# Looking for American Lines in Washington State



## mikejody (Jul 8, 2013)

Greetings,

Do you know anyone who breeds American lines? We’re looking for a female 6 months to 1 year old for our family. We live in Sequim, Wa. but can travel around the NW.

Not interested in arguments for/against.

Thank you.


----------



## Laura66 (May 1, 2016)

Hello, I am new to the forum and just posted my introduction. I live in Florida and I am purchasing a puppy from a breeder in Washington State. Sharobi German Shepherds is in Eastern Washington and they do show there dogs, health test, and are titled.

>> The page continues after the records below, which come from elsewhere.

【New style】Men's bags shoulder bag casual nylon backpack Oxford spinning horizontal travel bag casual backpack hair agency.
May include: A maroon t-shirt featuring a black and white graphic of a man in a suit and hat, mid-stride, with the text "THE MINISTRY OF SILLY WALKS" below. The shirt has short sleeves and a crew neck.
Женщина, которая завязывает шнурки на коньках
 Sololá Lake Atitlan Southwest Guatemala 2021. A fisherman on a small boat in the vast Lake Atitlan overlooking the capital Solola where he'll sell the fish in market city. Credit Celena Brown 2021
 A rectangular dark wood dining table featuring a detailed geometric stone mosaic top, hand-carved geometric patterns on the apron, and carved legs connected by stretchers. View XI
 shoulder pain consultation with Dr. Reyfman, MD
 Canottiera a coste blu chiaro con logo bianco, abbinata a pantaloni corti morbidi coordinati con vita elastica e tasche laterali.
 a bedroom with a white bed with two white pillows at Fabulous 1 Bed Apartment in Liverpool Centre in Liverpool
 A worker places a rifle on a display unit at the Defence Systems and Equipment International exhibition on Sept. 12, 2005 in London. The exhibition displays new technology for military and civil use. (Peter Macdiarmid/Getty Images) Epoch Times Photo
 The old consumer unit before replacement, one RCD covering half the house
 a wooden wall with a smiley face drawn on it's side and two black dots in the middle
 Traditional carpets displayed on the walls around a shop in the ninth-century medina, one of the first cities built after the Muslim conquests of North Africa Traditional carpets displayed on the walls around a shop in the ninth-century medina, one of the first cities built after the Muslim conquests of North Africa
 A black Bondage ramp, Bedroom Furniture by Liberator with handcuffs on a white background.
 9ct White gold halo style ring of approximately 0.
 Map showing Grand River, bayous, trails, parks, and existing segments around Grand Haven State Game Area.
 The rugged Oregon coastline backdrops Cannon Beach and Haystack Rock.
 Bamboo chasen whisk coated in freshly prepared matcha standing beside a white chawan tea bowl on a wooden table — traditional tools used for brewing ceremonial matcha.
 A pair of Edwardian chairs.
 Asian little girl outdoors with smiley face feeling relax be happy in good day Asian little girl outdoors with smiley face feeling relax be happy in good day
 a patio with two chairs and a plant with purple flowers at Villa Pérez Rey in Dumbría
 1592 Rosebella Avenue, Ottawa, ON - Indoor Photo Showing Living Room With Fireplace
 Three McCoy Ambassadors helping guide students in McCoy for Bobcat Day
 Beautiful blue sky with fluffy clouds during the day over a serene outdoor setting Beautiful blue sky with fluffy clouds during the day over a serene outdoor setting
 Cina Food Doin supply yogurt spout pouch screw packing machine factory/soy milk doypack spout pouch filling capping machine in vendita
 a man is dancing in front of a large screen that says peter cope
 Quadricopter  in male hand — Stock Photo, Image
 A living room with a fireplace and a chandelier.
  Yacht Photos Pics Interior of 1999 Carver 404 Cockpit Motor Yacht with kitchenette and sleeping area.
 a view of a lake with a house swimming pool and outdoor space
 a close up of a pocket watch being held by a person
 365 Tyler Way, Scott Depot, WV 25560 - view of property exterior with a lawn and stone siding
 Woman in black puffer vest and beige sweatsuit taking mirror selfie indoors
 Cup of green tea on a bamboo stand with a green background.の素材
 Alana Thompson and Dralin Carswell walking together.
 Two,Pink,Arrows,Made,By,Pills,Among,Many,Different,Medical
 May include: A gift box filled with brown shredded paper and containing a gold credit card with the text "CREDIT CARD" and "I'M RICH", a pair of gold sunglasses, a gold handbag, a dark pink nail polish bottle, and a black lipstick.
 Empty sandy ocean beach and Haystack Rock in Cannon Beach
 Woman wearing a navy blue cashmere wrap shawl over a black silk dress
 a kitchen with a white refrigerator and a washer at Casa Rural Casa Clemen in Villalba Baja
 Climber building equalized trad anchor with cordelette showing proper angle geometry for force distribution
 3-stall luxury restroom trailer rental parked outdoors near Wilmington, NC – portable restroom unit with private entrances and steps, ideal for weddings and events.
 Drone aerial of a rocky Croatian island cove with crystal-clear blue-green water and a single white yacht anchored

I have purchased a puppy from them in the past and he was one of the best dogs I ever had. Shari is very nice and easy to work with. It is an option to check out, not sure of older pups her pups sell very quick. However she may be able to help you out. I hope you find what your looking for.


----------



## mikejody (Jul 8, 2013)

Thank you very much, Laura, I will check it out. And welcome to the forum as well. 



Laura66 said:


> Hello, I am new to the forum and just posted my introduction. I live in Florida and I am purchasing a puppy from a breeder in Washington State. Sharobi German Shepherds is in Eastern Washington and they do show there dogs, health test, and are titled. I have purchased a puppy from them in the past and he was one of the best dogs I ever had. Shari is very nice and easy to work with. It is an option to check out, not sure of older pups her pups sell very quick. However she may be able to help you out. I hope you find what your looking for.


----------



## gsdheeler (Apr 12, 2010)

If I lived in the NW I would check out Debruts GSD in OR, I met Lori Nickeson at the National a few years back and I really liked her dogs, the dogs she has bred have done well in performance rings. and the conformation ring.


----------



## mikejody (Jul 8, 2013)

gsdheeler said:


> If I lived in the NW I would check out Debruts GSD in OR, I met Lori Nickeson at the National a few years back and I really liked her dogs, the dogs she has bred have done well in performance rings. and the conformation ring.


She doesn't appear to have a website, but thanks much for contributing.


----------